Thirty lncRNAs were induced by TCPOBOP early (3 h) and persisted at 27 h in both sexes (Table 1), with inductions as high as approximately 400-fold seen for lncRNA_5998, which is upstream of Cyp2b10 (see below). Fifteen of these 30 lncRNAs were also induced by PCN. Early gene responses—both induction and repression—characterized many other lncRNAs, a subset of which showed sex-specific responses to TCPOBOP (Table 1). Some of these early responding lncRNAs could contribute to the late (secondary) changes in expression of TCPOBOP-responsive protein-coding genes. Other lncRNAs showed a delayed response to TCPOBOP (ie, lncRNA induction not seen until 27 h): 67 such late lncRNAs responded to TCPOBOP in both male and female liver, 94 responded in male liver only, and 117 responded in female liver only (Table 1, Supplementary Figure 4). The sex-specificity of the late lncRNA responses is intriguing, given the striking sex differences in late protein-coding gene responses in male liver and their association with liver tumor promotion, presented above.

The overall set of 530 responsive lncRNAs was significantly enriched for multiexonic lncRNA genes, which are more likely to be functional than mono-exonic lncRNAs (Liu etal., 2017). Thus, 252 of the 530 responsive lncRNAs (47.5%) are multiexonic as compared to only 20.2% of the overall set of 15 558 liver-expressed lncRNAs (2.35-fold enrichment; p < E−15, exact binomial test). Considering only multiexonic lncRNAs, 3 h TCPOBOP exposure altered the expression of 52 and 62 lncRNAs in male and female liver, respectively, a majority of which were up regulated (Table 2). After 27 h TCPOBOP exposure, 112 multiexonic lncRNAs were dysregulated in male liver and 131 multiexonic lncRNAs were dysregulated in female liver; again, a majority (72%−76%) were up regulated. Examples of multiexonic lncRNAs responsive to TCPOBOP exposure are shown in Figures 6 and 7; Supplementary Figure 5. A total of 126 multiexonic lncRNAs were responsive to PCN, 57% of which were down regulated (Table 2).

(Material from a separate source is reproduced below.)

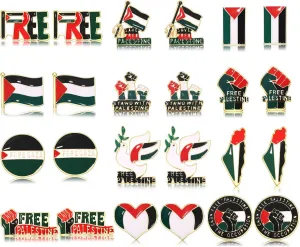 Palestine Earrings for Women Free Palestine Stud Earrings Enamel Peace Dove Power Fist Palestine Flag Earrings Save Gaza Support Palestine Jewelry Accessories Outfits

This is consistent with the greater proportion of protein-coding genes down regulated by PCN as compared to TCPOBOP (Figure 2A).

Table 2.

TCPOBOP and PCN Responsive Multiexonic lncRNAs and Their Relationship to Coregulated RefSeq Genes

Multi-exonic lncRNA gene sets	Male TCPOBOP 3 h	Male TCPOBOP 27 h	Female TCPOBOP 3 h	Female TCPOBOP 27 h	MalePCN 3 h
	Number of lncRNAs
Responsive lncRNAs	52	112	62	131	126
Up regulated	40	83	39	93	53
Down regulated	12	29	23	38	73
Proximity to RefSeq
Overlaps RefSeq gene	19	31	17	27	26
Same TAD as RefSeq gene	7	42	14	37	54
Cisversusdistal
Cis co-expressed lncRNA-RefSeq pairs (%)	26 (50%)	64 (58%)	30 (48%)	59 (45%)	73 (58%)
Cis opposite lncRNA-RefSeq pairs (%)	0	9 (8%)	1 (2%)	5 (4%)	7 (6%)
Distal lncRNAs (%)	26 (50%)	39 (35%)	31 (50%)	67 (51%)	46 (37%)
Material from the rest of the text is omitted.